Pão de açúcar e seu “enfeite” de escravo: eleito o melhor supermercado (de 1850)

22/ago/2013, 17h01

Tatiane Ribeiro*

Ontem, foi publicada no facebook  uma foto que assustou a todos. O Supermercado Pão de Açúcar da Vila Romana (São Paulo) resolveu que seria bonito colocar uma criança negra acorrentada segurando uma cesta aparentemente bem pesada como enfeite (uma estátua). Ela fica ali, na porta de entrada no supermercado, mostrando qual é o conceito de “o que faz você feliz” da marca.

Foto-Pao-de-AcucarEssa estátua assusta por muitos motivos. Nem preciso dizer o quão ofensivo é para um negro, como eu, entrar em uma loja e dar de cara com uma “peça decorativo” (como eles mesmos  descreveram depois da denúncia em nota) como essa na sua frente. É um absurdo sem tamanho. Para mim, é um convite para não entrar, para não consumir nesse local. E ainda por cima trata-se de uma criança. Racismo, apologia à escravidão, apologia à escravidão infantil… Em que ano estamos mesmo? 2013 ou 1850? Quanto tempo ainda vai demorar para se entender que uma coisa dessas não é bonita?

Pois é. Eles acharam. Acharam que tudo bem colocar uma coisa dessas na porta da sua loja. E é claro que não é em qualquer loja. A rede Pão de Açúcar é conhecida por ser uma rede voltada para a classe média e alta, com produtos importados, “exclusivos” e excludentes. E é numa loja de um bairro de grandes prédios “chiques” que se encontra essa peça decorativa. É num Pão de Açúcar, e não em qualquer outro lugar (o Grupo Pão de Açúcar também é dono de uma série de outras redes de supermercados, que são mais voltadas para o “povão”) que temos que dar de cara com esse tipo de coisa.

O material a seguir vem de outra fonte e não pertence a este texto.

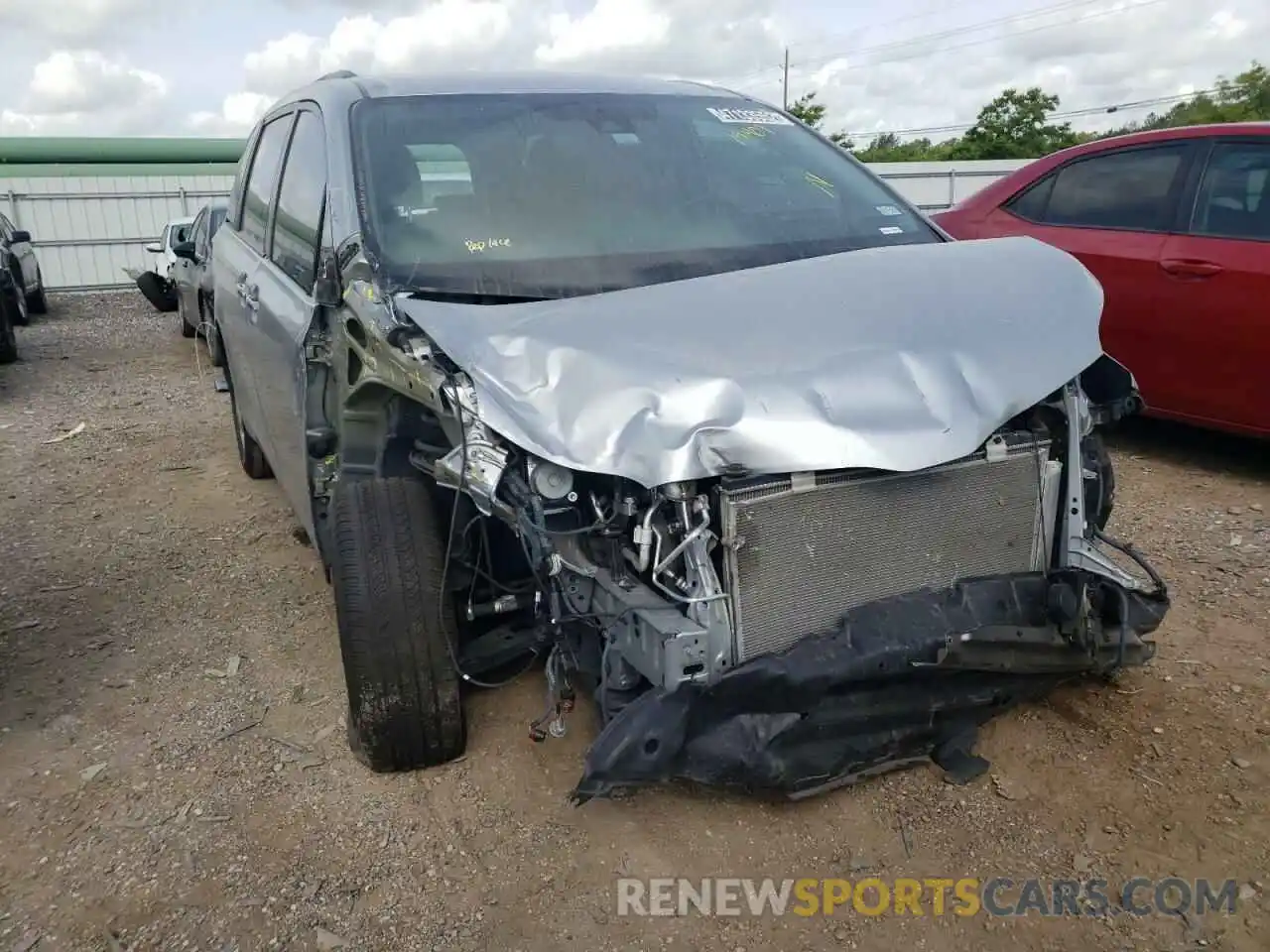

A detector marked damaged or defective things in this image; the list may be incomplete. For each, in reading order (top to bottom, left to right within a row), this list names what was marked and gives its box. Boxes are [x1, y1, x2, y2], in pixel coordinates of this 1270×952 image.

Podem dizer o que quiser. Que “foi sem querer”, que a marca “pauta suas ações na ética, promoção e respeito à diversidade”, o que quer que seja. Para mim, o recado está dado: negros não são bem-vindos na rede Pão de Açúcar. Negros ainda são escravos, e essa criança é a representação das próximas gerações de negros e negras que não podem entrar na loja.

Vale lembrar que esse não é o primeiro caso de racismo na rede. Faz um tempinho, uma criança negra foi expulsa por um segurança de dentro da loja como “pedinte”. A verdade é que ela era filha de uma cliente, e estava pedindo à mãe que lhe comprasse alguma coisa. E se essa criança fosse branca? E se essa estatua fosse uma criança loira carregando uma cesta enorme com grilhões nos pés? E se o Pão de Açúcar assumisse que não quer negros nas suas dependências?

Fica a dica do dia: Pão de Açúcar, lugar de gente BRANCA feliz (como a gente vê nas propagandas mesmo).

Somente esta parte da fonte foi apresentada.